Karl Marx was the most remarkable figure in the British account in elimination of class based societies. The Marxist theorists elaborated a self-confessed discipline in the attempt to explain the evolution of historic societies. Marx believed that it was important to deal with the politics of the ruling elites as well as the historical nature of the entire population. The main problem was to develop a mechanism that would be comprehensively convincing. Marxs solution proved to be exceptionally influential in classifying individuals in a collective group based on their contribution in production process. This enabled him and his factions to categorize everyone in one among the three categories. The first category was landowners who acquired their unearned income from lease and rent of land. The other class was the bourgeois capitalists mainly the owners of the industries; they earned their income from the proceeds of their business in terms of profit. Lastly, the lowest class was the proletarian workers who earned their money from selling their labor in exchange of weekly wages from the industries or farms.

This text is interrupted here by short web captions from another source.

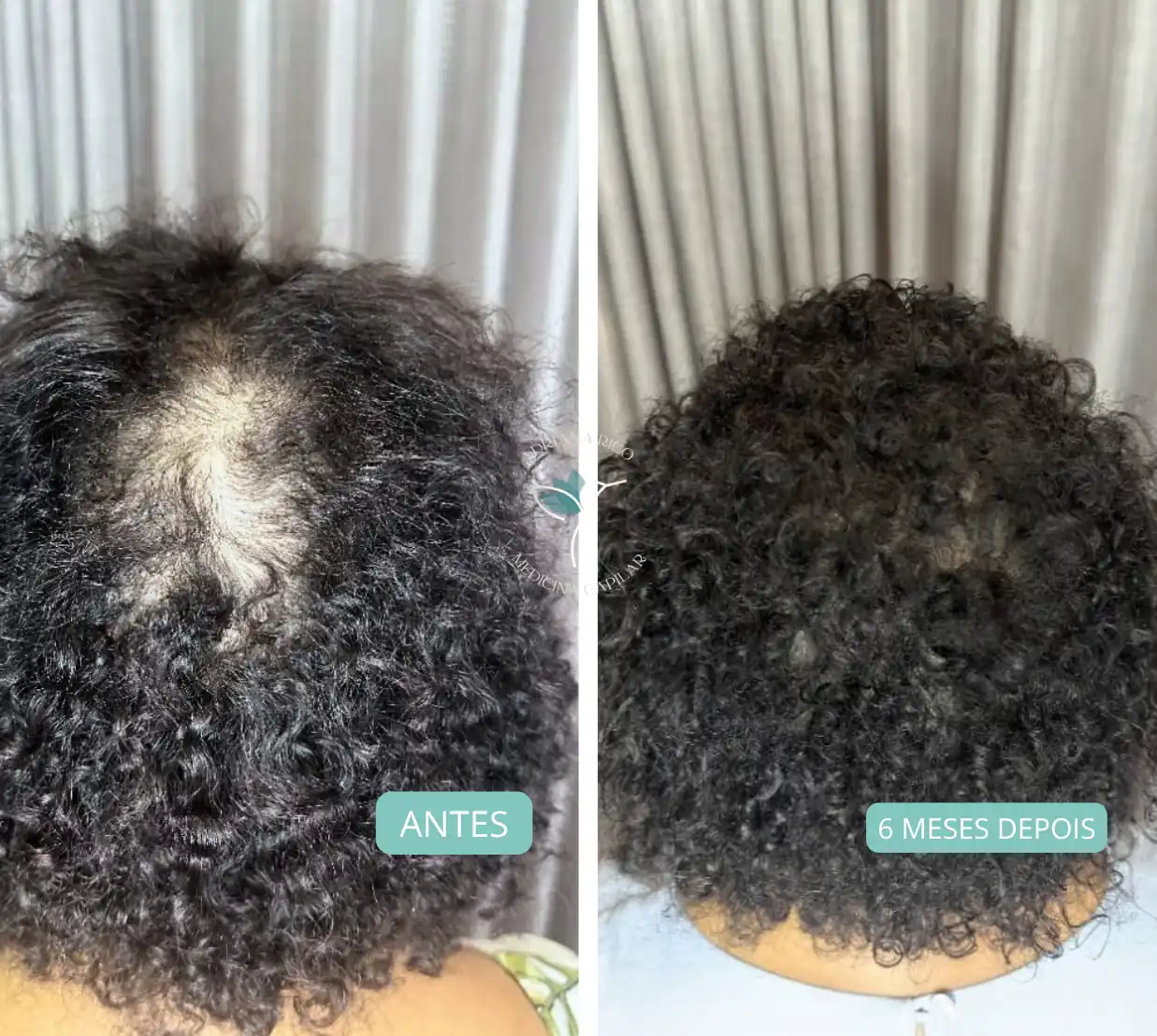 antes-depois-14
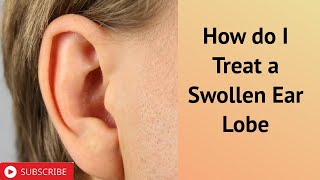 How do I Treat a Swollen Ear Lobe [upl. by Reham728]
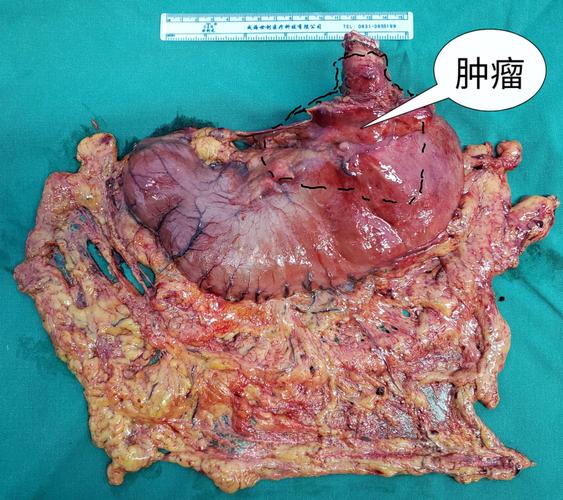 完成"全胃切除术".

In Marxs opinion, these were the three most fundamental and constitutive classes of humanity and the conflict among them raged unabated for centuries. He claimed that it was through them that an essential motor of altering the historical perception was to be found. Based on Dickens argument in his book Hard Times, Karl Marx borrowed much from Dickens argument and took the debate to generations. The novel reminded each generation how fundamental change was for the benefit of future generation. Marx was courageous enough to point the weaknesses in society that Dickens feared to mention. He was a complement to the struggle for social justice in victoria era.